W杯アジア最終予選。日本代表にとって「結果と内容が一致していない試合」ではなかった【岩政大樹の現役目線】
タイ代表の善戦が光ったのか、日本代表が悪かったのか。それとも……?
流れのいい時間があったチームが勝てないワケ
特に、ラインを高くできて、ボールをキープできて、相手を押し込むことができているときはそのことを肝に銘じなければなりません。そこに落とし穴が潜んでいます。
得点の可能性はそれほど変わっていないのに、なんとなく相手を上回っている気になり、注意を怠ってしまうと、サッカーでは必ず痛いしっぺ返しを食らいます。車の運転のように、「大丈夫だろう」と思った矢先に危険な場面が生まれてしまうのです。

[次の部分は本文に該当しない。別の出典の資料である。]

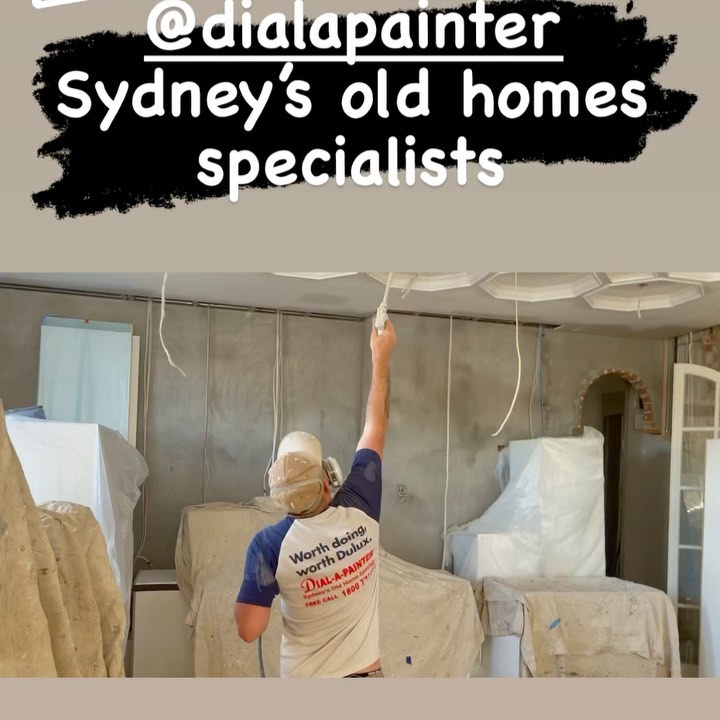 Sydney’s old homes specialists #drummoyne #ornate #ceilingd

試合の翌日、僕はタイ代表の元チームメイトたちに会ってきました。いい顔をしていました。彼らは最終予選を通じていい経験をしていると思います。これまで経験したことのないアジアのトップレベルを経験し、そして壁にぶち当たっています。若い選手たちのチームです。これを教訓にまたサッカーへの理解を深めていってほしいと思います。

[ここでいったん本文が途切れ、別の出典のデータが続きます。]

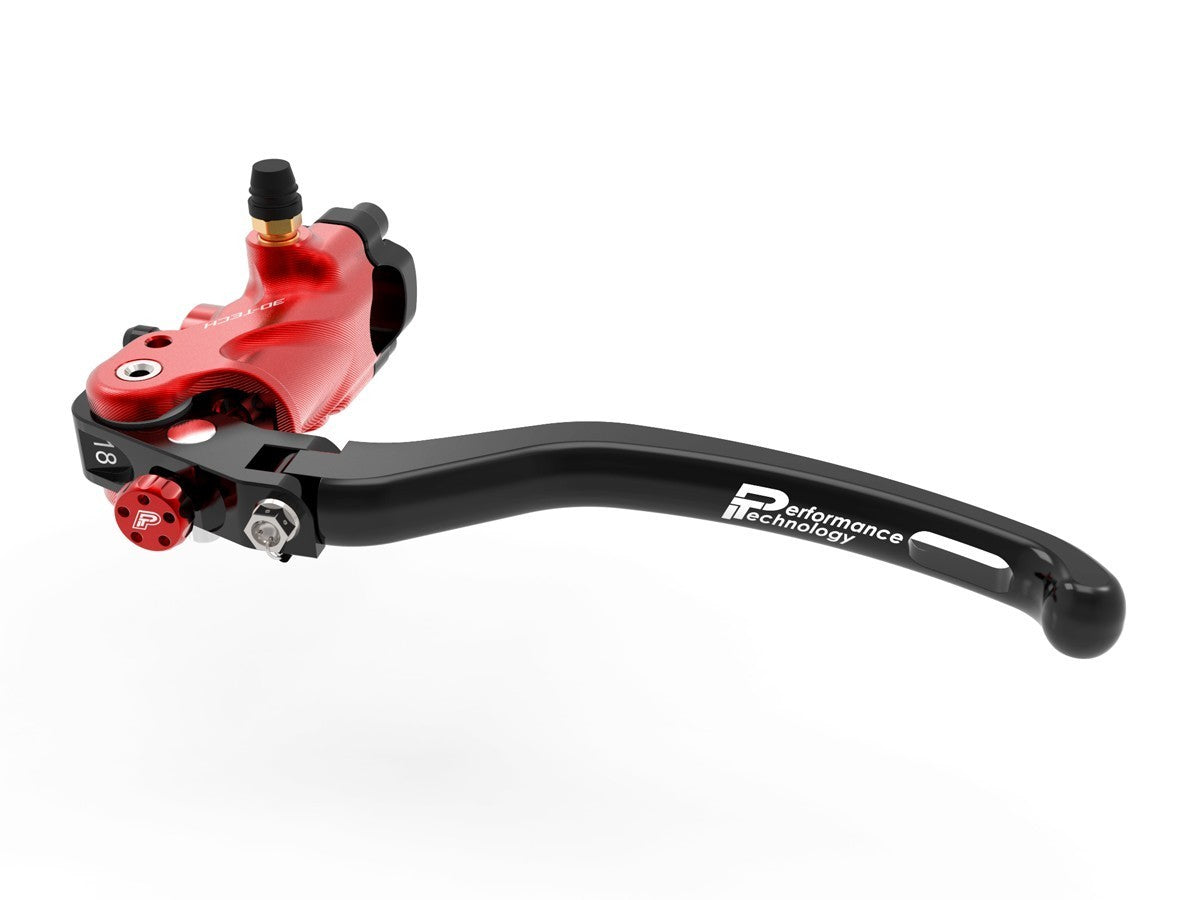 HPC - CLUTCH RADIAL MASTER CYLINDER 3D-TECH - RED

実は日本が戦っているこの最終予選のグループはどの試合も同じような展開を見せています。日本、サウジアラビア、オーストラリアの三つ巴の様相を呈してきましたが、実はこの3チームとも相手を圧倒した試合はほとんどありません。むしろ、試合全体を見れば、UAEやイラク、そして今回のタイのように、勝ち点を取れていないチームの方がより「流れ」のいい時間帯を作れている印象があります。
しかし、結果は違います。
日本が世界のトップレベルと対戦したときは逆に、今回のタイのように善戦しても勝ち切られてしまう試合をよく目にします。それをレベルの差と言ってしまえばそれまでですが、長い歴史をもつ強豪国との間に、「流れ」の捉え方にも差があると感じるのは考えすぎでしょうか。